**THE TASK**: Repeat the lines from the line with "Modern kitchen with" to the line with "The image shows" in the listing below, keeping both end lines and adding nothing.

**INFORMATION SUPPLIED**:
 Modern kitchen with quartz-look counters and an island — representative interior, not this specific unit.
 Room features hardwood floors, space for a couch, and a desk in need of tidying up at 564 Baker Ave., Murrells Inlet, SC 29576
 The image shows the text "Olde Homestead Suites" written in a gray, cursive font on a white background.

...

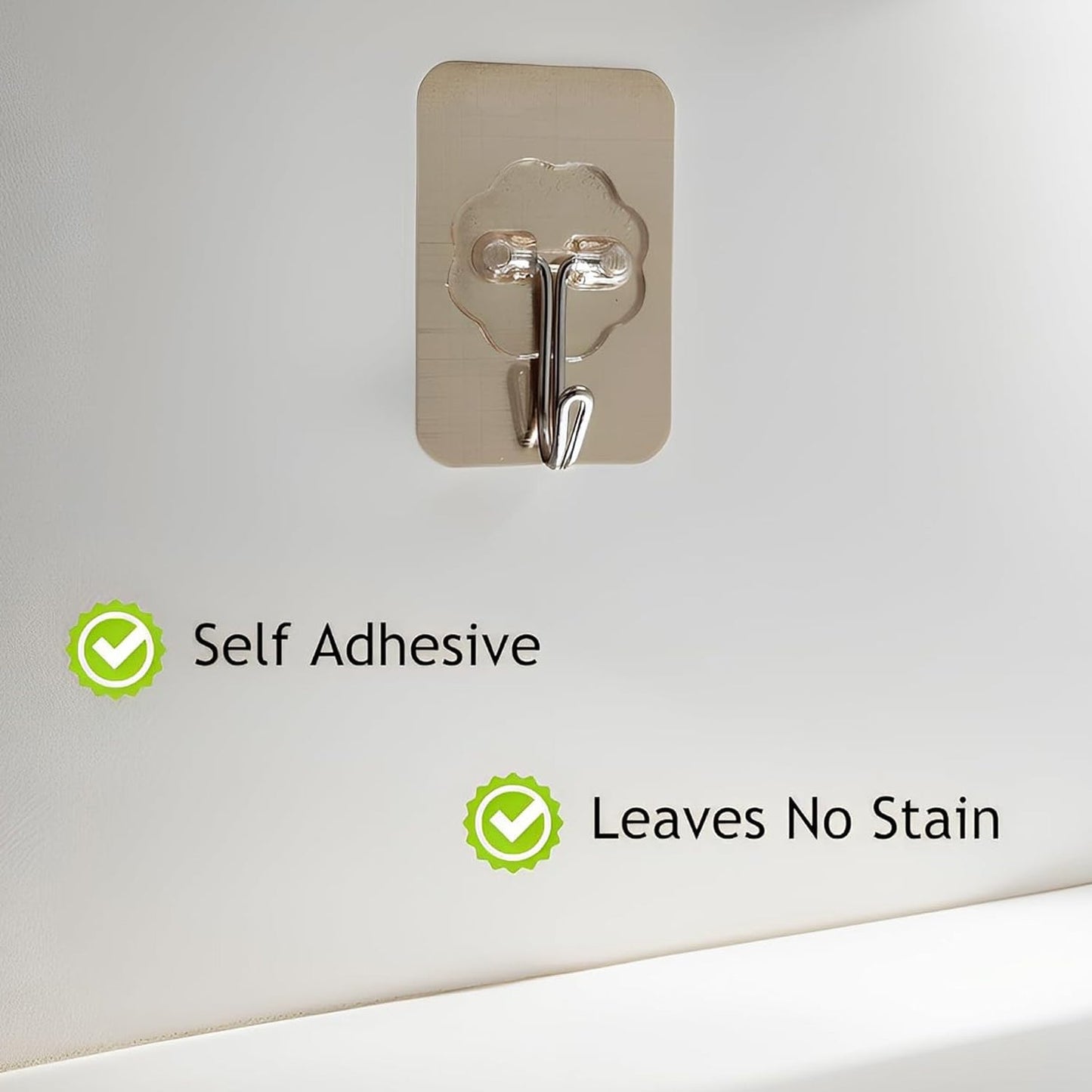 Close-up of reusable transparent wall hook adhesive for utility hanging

**RESPONSE**:
 Modern kitchen with quartz-look counters and an island — representative interior, not this specific unit.
 Room features hardwood floors, space for a couch, and a desk in need of tidying up at 564 Baker Ave., Murrells Inlet, SC 29576
 The image shows the text "Olde Homestead Suites" written in a gray, cursive font on a white background.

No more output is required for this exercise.